Any white anxiety of becoming a racial or ethnic minority “might mean it’s not a great idea to run on a ‘diversity is good’ message kind of by default,” he said.

A Target-Insyght survey of 377 likely Democratic primary voters in late July found the Whitmer and Fieger tied at 35 percent each in a hypothetical match-up. El-Sayed and Thanedar were at 4 percent and 3 percent, respectively. The poll had a margin of error of plus or minus 5.35 percentage points and was paid for by the Michigan Information & Research Service.

Grossmann said he doesn’t think race, ethnicity, religion or sex will have much to do with who ends up winning the primary. Whitmer’s popularity is likely driven by her party connections, he said.

Questionnaires show people tend to harbor more negative attitudes toward Muslims than blacks, Latinos, whites or Christians, Grossmann said.

In Michigan — where a Kalkaska village president remains in office despite sharing a Facebook post that called for killing “every last Muslim” — the bias has translated into groups attacking El-Sayed over his faith.

A state organization called Secure Michigan — which says it focuses on how the U.S. refugee resettlement program hurts Michigan — links to articles suggesting, without proof, that El-Sayed has ties to the Muslim Brotherhood. The website links to an article suggesting that El-Sayed is part of a vast conspiracy to wage “civilization jihad” and another to a site called “Bare Naked Islam” that claims, “It isn’t Islamophobia when they really ARE trying to kill you.”

Secure Michigan spokesman Dick Manasseri declined to comment on the articles the group’s website hosts or his concern about El-Sayed.

“Anyone with any rational sense knows that there’s no truth to that,” said Asha Noor, a representative for the Michigan chapter of the Council on American-Islamic Relations. “He has a lot of support in the state ... but there will always be sort of a concerted effort to tear down anyone who has a Muslim-sounding name or who happens to be Muslim in this political climate that we’re in.”

At a recent Hillsdale County Democrats meeting, white Democrats who attended El-Sayed’s speech appeared inspired.

“Oh, I’d vote for him in a minute,” said Heather Allison, an 80-year-old Jackson resident who drove to Hillsdale with three others.

During his speech, he advocated for equal and high-quality education throughout the state, overcoming health disparities between urban minority and affluent white areas, and a “shared future” that unites everyone.
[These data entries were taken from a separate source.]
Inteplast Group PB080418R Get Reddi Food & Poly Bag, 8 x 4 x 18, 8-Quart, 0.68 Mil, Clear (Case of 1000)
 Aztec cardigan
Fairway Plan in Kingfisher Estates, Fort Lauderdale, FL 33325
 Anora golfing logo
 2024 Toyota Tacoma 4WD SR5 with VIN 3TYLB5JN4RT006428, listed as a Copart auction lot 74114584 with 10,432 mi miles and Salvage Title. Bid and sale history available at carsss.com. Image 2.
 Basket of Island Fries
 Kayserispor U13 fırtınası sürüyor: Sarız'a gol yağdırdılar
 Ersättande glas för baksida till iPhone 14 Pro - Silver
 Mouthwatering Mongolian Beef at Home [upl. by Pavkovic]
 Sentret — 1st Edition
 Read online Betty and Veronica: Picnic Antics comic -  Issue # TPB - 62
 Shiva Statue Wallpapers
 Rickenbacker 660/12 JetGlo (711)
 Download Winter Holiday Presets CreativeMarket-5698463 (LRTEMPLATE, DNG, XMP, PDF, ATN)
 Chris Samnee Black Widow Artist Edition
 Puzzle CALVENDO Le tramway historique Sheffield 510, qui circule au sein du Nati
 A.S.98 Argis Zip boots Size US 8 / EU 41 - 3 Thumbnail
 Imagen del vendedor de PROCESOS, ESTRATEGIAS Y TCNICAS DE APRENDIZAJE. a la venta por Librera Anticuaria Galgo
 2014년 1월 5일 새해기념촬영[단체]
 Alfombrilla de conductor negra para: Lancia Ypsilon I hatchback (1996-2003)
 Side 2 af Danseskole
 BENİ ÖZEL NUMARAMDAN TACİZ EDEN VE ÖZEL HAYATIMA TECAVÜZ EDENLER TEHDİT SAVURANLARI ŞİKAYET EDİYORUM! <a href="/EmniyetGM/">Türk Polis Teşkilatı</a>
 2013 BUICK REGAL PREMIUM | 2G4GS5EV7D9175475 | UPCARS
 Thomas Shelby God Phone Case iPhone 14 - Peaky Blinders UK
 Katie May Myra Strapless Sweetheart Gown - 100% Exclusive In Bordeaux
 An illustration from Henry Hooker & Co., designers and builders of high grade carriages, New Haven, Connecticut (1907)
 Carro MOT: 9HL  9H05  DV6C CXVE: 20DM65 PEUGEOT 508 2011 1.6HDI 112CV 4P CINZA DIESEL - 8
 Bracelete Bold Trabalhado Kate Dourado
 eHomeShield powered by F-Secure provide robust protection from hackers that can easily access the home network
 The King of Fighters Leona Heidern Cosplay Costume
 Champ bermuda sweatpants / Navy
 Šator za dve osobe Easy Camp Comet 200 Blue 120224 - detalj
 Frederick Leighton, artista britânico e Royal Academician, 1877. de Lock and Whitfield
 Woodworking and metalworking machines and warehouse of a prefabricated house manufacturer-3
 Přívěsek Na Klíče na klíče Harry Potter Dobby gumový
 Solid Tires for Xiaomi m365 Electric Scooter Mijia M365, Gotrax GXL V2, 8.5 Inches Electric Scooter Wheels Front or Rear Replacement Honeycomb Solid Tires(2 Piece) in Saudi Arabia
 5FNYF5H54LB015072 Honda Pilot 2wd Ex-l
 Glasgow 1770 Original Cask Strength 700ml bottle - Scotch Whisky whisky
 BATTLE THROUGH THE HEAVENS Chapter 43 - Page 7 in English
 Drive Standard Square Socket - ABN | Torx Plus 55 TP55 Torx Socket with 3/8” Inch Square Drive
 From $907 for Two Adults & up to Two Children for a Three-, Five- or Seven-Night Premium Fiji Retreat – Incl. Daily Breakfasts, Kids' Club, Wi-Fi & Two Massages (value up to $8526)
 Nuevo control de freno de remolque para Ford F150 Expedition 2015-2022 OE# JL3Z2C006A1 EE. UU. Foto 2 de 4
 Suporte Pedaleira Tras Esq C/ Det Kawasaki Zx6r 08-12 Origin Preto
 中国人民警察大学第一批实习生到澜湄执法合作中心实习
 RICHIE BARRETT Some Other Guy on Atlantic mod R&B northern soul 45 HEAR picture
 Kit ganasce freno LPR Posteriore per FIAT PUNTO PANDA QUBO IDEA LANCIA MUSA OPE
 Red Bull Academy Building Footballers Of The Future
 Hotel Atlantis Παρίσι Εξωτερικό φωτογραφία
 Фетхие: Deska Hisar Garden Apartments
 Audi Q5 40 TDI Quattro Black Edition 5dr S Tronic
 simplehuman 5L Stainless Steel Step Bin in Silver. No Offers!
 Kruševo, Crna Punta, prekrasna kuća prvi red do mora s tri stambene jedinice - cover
“A lot of people have told me, ‘Abdul, you’re an unlikely leader for this because you’re kind of young,’ ” El-Sayed said in Hillsdale. “And what they don’t say also is, ‘You’re kind of brown and kind of Muslim.’ ”

“My constitution tells me that there shall be no religious test to leadership,” he continued.

Allison and others in Hillsdale said they loved the message. But some doubted whether Michigan is open-minded enough to elect a Muslim candidate.

“I think today, the way the world is, it’s going to be a problem,” Allison said. “It’s not for me.”